Maroc : La grogne monte dans les écoles françaises face à des frais de scolarité jugés ‘insoutenables’
Une vague de contestation sans précédent secoue la communauté éducative française au Maroc. Des parents d’élèves, excédés par l’annonce de nouvelles augmentations substantielles des frais de scolarité pour la rentrée 2026-2027, ont manifesté ce mardi matin devant plusieurs établissements à Rabat et Kénitra. Leur message est clair : ces hausses sont jugées « lourdes » et le manque de concertation avec les familles, inacceptable.
Une mobilisation d’ampleur à Rabat et Kénitra
Dès les premières lueurs du jour, des dizaines de parents se sont rassemblés devant les grilles des écoles, brandissant des pancartes et exprimant leur indignation. À Rabat, les établissements ciblés incluent l’École Paul Cézanne, l’École Albert Camus, le Lycée Descartes et l’École Pierre de Ronsard. À Kénitra, c’est le groupe scolaire Honoré de Balzac qui a été le théâtre d’un sit-in similaire. Cette mobilisation témoigne d’un sentiment d’urgence et d’une volonté farouche d’obtenir des réponses et, surtout, des révisions.

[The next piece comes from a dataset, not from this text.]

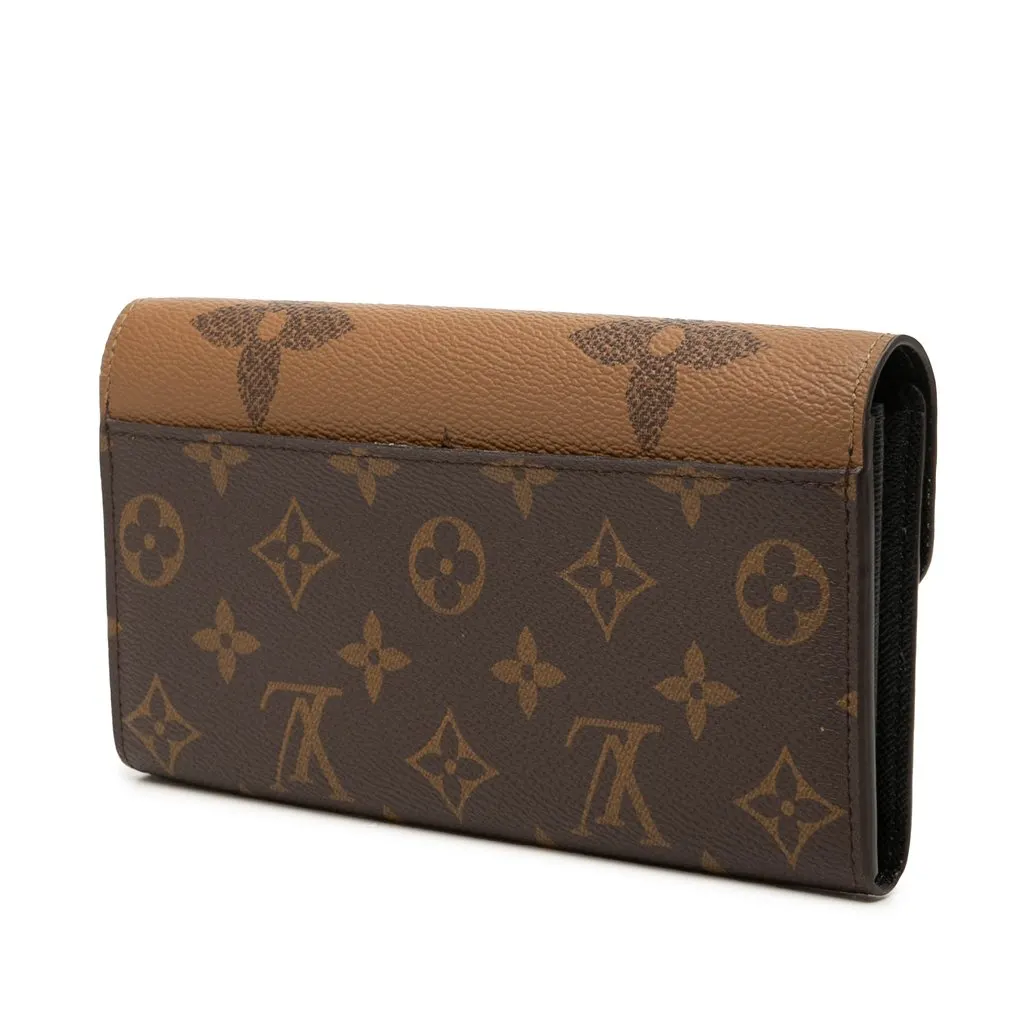 Louis Vuitton Monogram Reverse Giant Sarah Long Wallet Brown Canvas Very good - Back View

Les familles de la mission française dénoncent non seulement l’ampleur des augmentations, mais aussi la méthode. L’absence de dialogue préalable et la communication tardive de ces décisions tarifaires sont perçues comme un affront, fragilisant la confiance entre les parents et les institutions éducatives.
Des chiffres qui font bondir : jusqu’à 60.700 DH par an, sans compter les frais d’inscription
Le document incriminé, émanant du Groupement d’établissements en gestion directe de l’AEFE de Casablanca-Mohammédia et signé par l’Agence pour l’enseignement français à l’étranger (AEFE), prévoit une hausse moyenne de 6% dès la rentrée 2026. Les nouveaux barèmes, exprimés en dirhams, sont les suivants pour l’année scolaire 2026-2027 :
- Maternelle : 43.000 DH (Français) / 53.400 DH (Nationaux et tiers)
- Élémentaire : 40.800 DH / 50.100 DH
- Collège : 44.500 DH / 54.800 DH
- Lycée : 48.200 DH / 60.700 DH
Et ce n’est pas tout. À ces montants déjà conséquents s’ajoute un « droit de première inscription » de 30.000 DH, une somme non négligeable qui s’applique uniformément à tous les niveaux et à toutes les nationalités. Une charge financière supplémentaire qui pèse lourdement sur les budgets des ménages, déjà contraints.
Un débat récurrent : la quête de transparence et de dialogue
Cette flambée des prix n’est pas un phénomène isolé. Elle s’inscrit dans une problématique plus large et récurrente des établissements privés au Maroc. Année après année, les associations de parents d’élèves expriment leur vive inquiétude face à des augmentations imprévisibles, rendant la planification financière à long terme quasi impossible pour des familles dont la scolarisation des enfants s’étale sur plusieurs années.
Au-delà des montants, c’est la gouvernance qui est remise en question. Les parents réclament une plus grande transparence sur les justifications de ces hausses et l’instauration de mécanismes de dialogue constructifs en amont des décisions. Bien que les établissements privés jouissent d’une large autonomie tarifaire, dans le respect du droit commun et de la protection du consommateur, l’absence d’un cadre réglementaire spécifique régulant l’évolution des frais de scolarité laisse un vide que les familles souhaitent voir comblé.
Les actions de ce mardi matin ne sont donc pas un simple coup de gueule, mais un appel pressant à une meilleure écoute et à une collaboration renforcée. Les parents attendent désormais des clarifications concrètes et des gestes forts de la part des directions des écoles et de l’AEFE pour apaiser cette tension grandissante et garantir un accès juste et prévisible à l’éducation française au Maroc.